> TASK DETAILS:
So that the copy stays text only, transcribe the data below exactly and exclude the images.

── DATA TO PROCESS ──

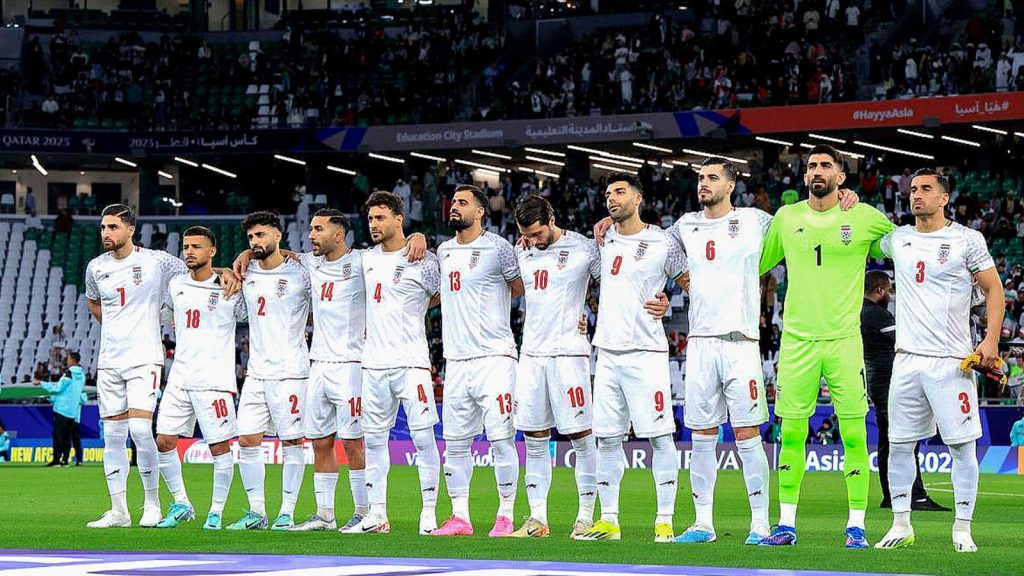 México se ofrece ante escalada de tensiones para ser sede de los juegos de Irán en el Mundial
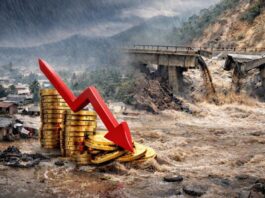 Pymes enfrentarán mayores costos y problemas logísticos por El Niño Costero 2026 Pymes enfrentarán mayores costos y problemas logísticos por El Niño Costero 2026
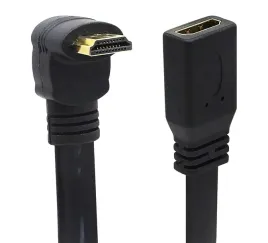 kabel-hdmi-03-m-a-zenski-a-meski-90-plaski-wysokiej-predkosci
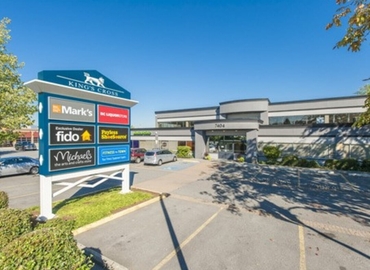88 m² Shared office  in Surrey, BC, 7404 King George Blvd. (V3W 1N6) - 8 | MatchOffice.com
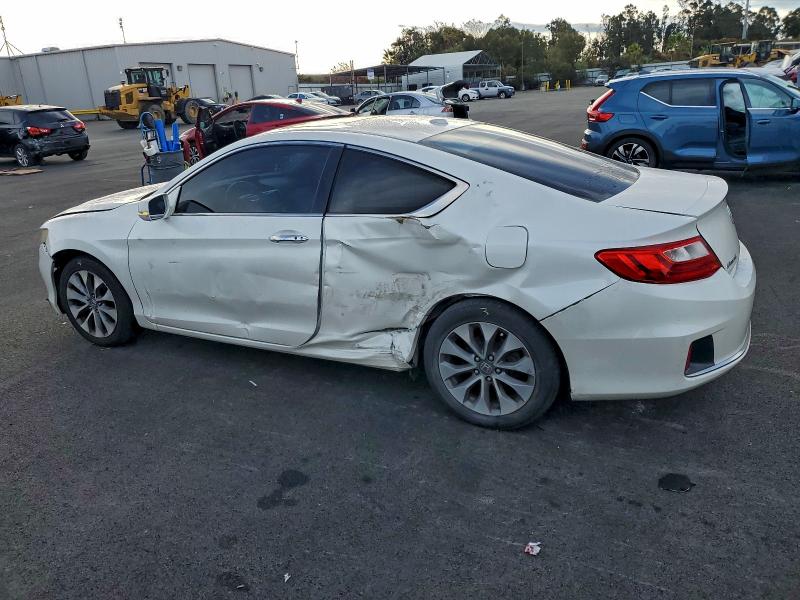Photo 2 from auction – 2013 HONDA ACCORD with VIN 1HGCT1B8XDA025177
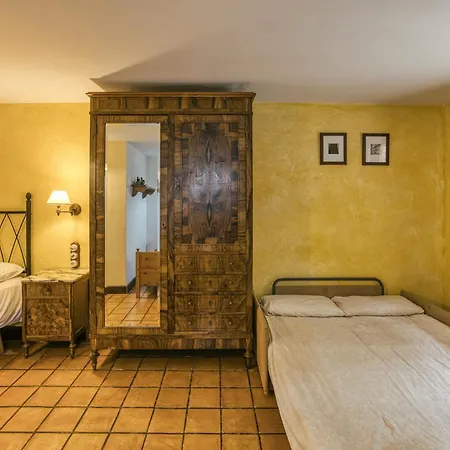 Habitacions Mas Fuselles 3*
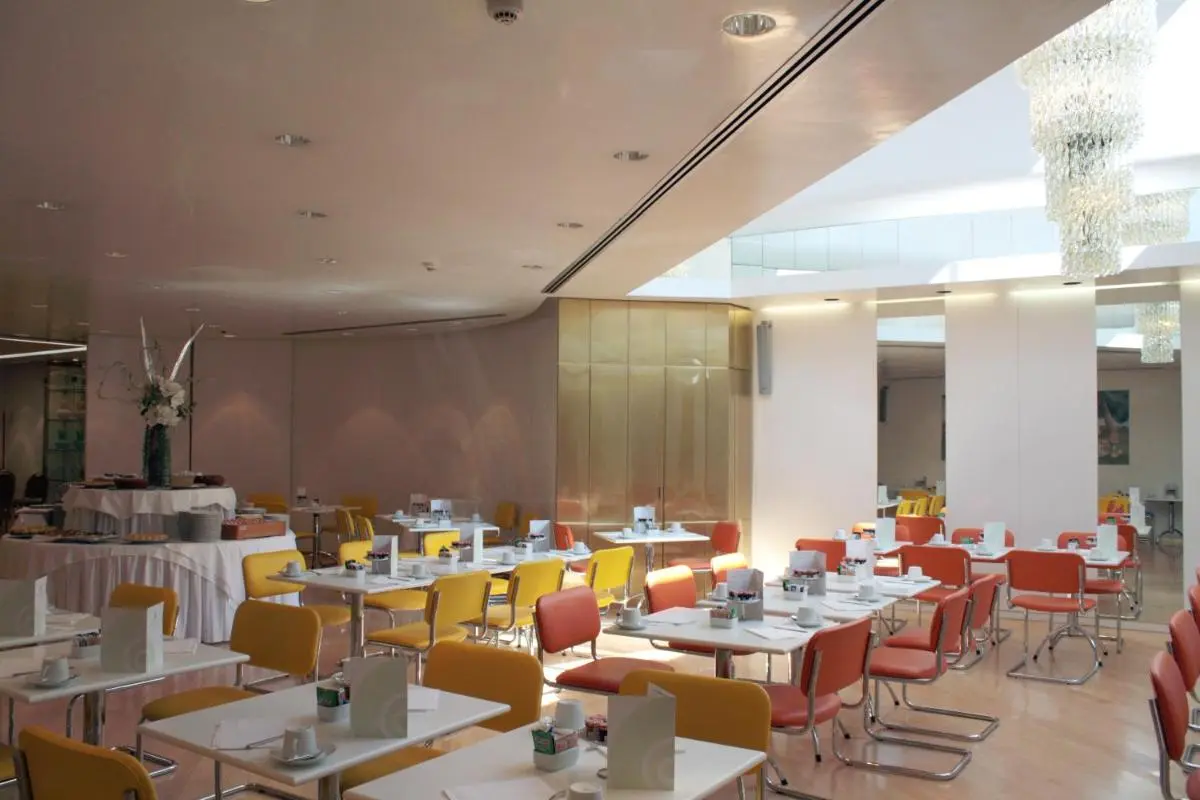 Image 3 of Albani Hotel Roma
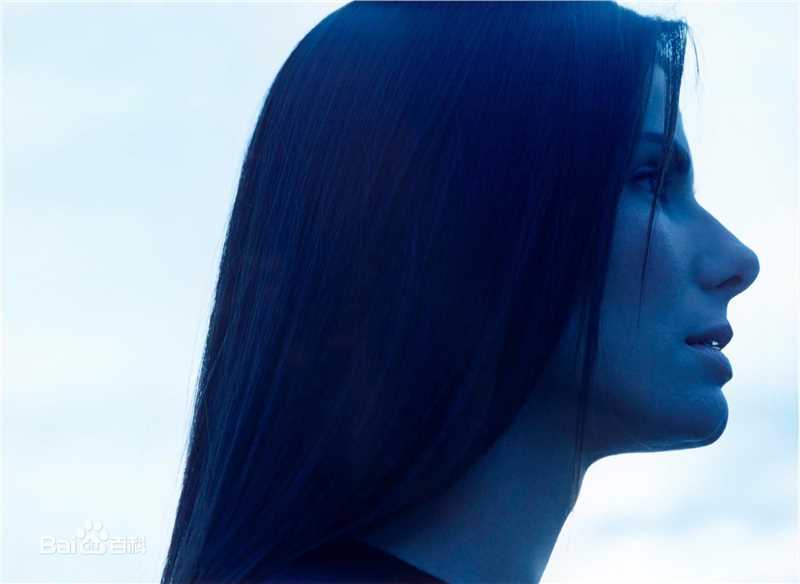 最全桑德拉·布洛克(Sandra Bullock、Sandra Annette Bullock)精彩图册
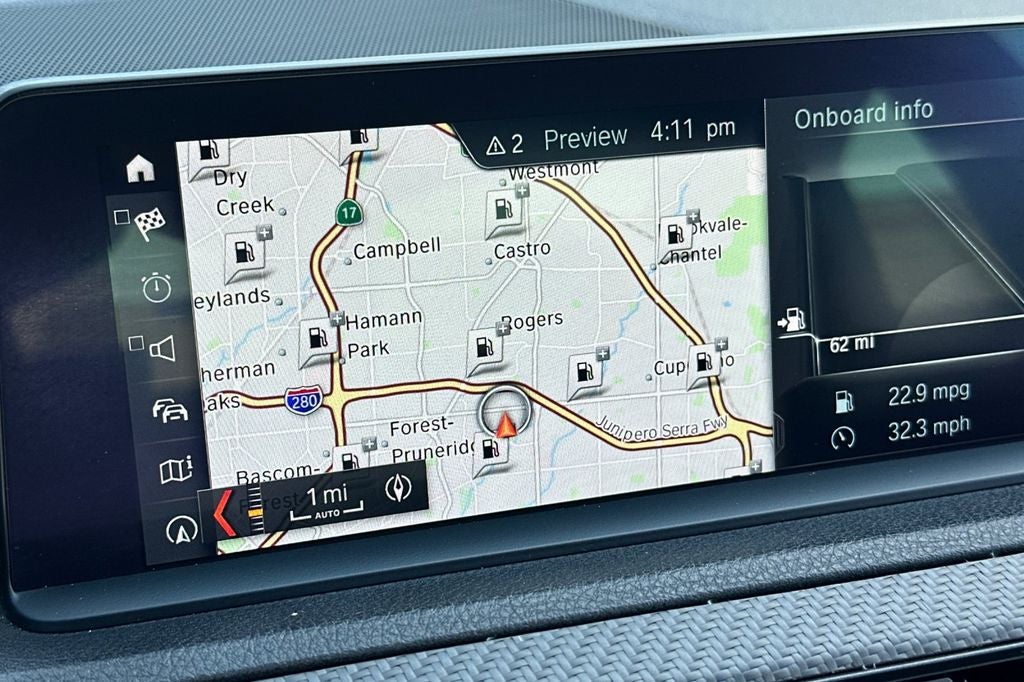 2021 BMW M2 Competition 6-Speed Manual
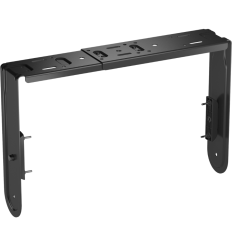 Turbosound iQ10-WB Soporte Pared para iQ10 | Par 2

───

> TASK SOLUTION:
 México se ofrece ante escalada de tensiones para ser sede de los juegos de Irán en el Mundial
 Pymes enfrentarán mayores costos y problemas logísticos por El Niño Costero 2026 Pymes enfrentarán mayores costos y problemas logísticos por El Niño Costero 2026
 kabel-hdmi-03-m-a-zenski-a-meski-90-plaski-wysokiej-predkosci
88 m² Shared office  in Surrey, BC, 7404 King George Blvd. (V3W 1N6) - 8 | MatchOffice.com
Photo 2 from auction – 2013 HONDA ACCORD with VIN 1HGCT1B8XDA025177
 Habitacions Mas Fuselles 3*
 Image 3 of Albani Hotel Roma
 最全桑德拉·布洛克(Sandra Bullock、Sandra Annette Bullock)精彩图册
 2021 BMW M2 Competition 6-Speed Manual
 Turbosound iQ10-WB Soporte Pared para iQ10 | Par 2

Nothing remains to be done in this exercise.